Half and half toppings on Kraft's Tombstone brand made significant jumps in just 9 months, running a very close second to sausage topping in the central region, Thomee said.

"All other toppings, which is to say, specialty, have also made significant swings in the last year. I think we are seeing that the frozen pizza category is being helped by all these innovations, what consumers are looking for, which is taste and variety of flavors," she said.

In the world of kosher pizza, Amnon, Brooklyn, N.Y., started as a restaurant 40 years ago and began supplying frozen pies two years ago. They stick to plain cheese, no toppings, both because kosher toppings would be too costly at retail, and because, in the opinion of president Sol Levy, people like plain best. Amnon makes a regular frozen, reduced fat and a deep dish pie that Levy demo'd recently at a Foodarama ShopRite in Lakewood, N.J. The deep dish is a 6-inch round deep dish pizza, packed two in a box, $3.49 on special. "Kids love it. They like to get their own little pie," Levy said.

Wolfgang Puck, Yorba Linda, Calif., is the only restaurant crossover to make it onto Information Resources' list of top selling brands, and it is number 24, with sales of $13.1 million for the year ended July 18, 1999. California Pizza Kitchen, Los Angeles, and Kraft have teamed up to deliver several varieties, including Garlic Chicken topping, to customers in test markets. Kraft is putting a lot of money behind the brand, observed Dennis Deiro, western regional sales manager for Wolfgang Puck pizza. "It's tough. We have our loyal customers and we are looking to broaden that base in the year 2000."

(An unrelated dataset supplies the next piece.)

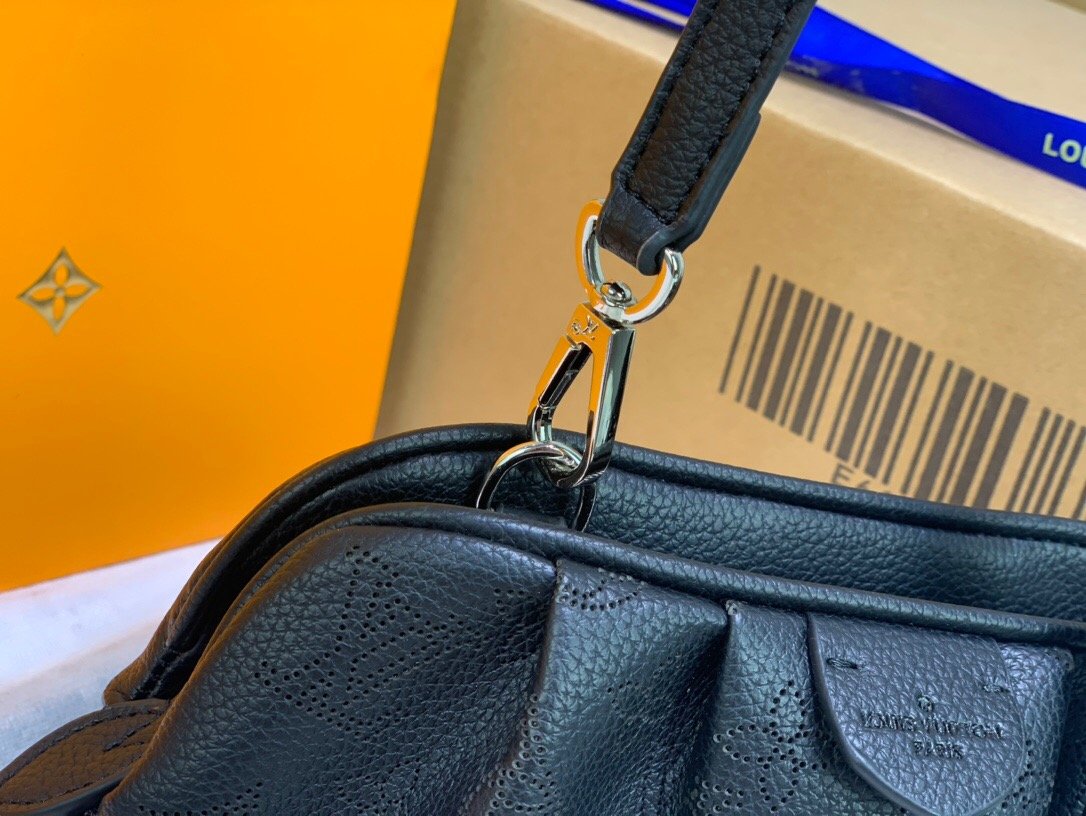 BL - High Quality Bags LUV 122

He said the company has had a lot of ideas for toppings, including Hawaiian, but they feel that people will take more of a chance at a takeout place. "In frozen, they will venture out on a supreme, but that's about it. They see pineapple on a frozen pizza, they'll run. And we can't give sausage away out here in the West. It's not that people don't eat meat, because pepperoni is up here and DiGiorno has a Meat Trio, but sausage is not a big item in the West."

Deiro said that when he's out with his family, they'll order a pepperoni and pineapple pizza, but focus groups and trade inquiries have taught Wolfgang Puck to shun that combination as a frozen choice. Regular pepperoni and supreme are the leaders in the West, he said, and sausage does pretty well in the Midwest.

Wolfgang Puck frozen pizza is available in most places, he said, and recently made strong gains in Florida through Albertson's and Publix.

Bryan Nichols, category manager for Marsh's Supermarkets, Indianapolis, said flavors like DiGiorno's new smoked mozzarella would be the direction new frozen pizza is going. "I think there is an adult market for some of these types of flavors. DiGiorno and Freschetta are trying to take it out of the norm of what was known as pizza flavoring, and put in some new ones."

Pizza joints had them as far back as the early 1970s, and maybe even earlier. LaManno's Have-A-Pizza, for instance, a restaurant in Miller Place, N.Y., was offering the Hawaiian pizza, with ham and pineapple; the Polish pizza, with kielbasa and onion; and The Islander, with clam and garlic, in 1971 and with some additions or subtractions, still has those types of what one cook there calls "yuppie pizzas."

"Everybody wants artichoke," he said, before hanging up at a busy hour.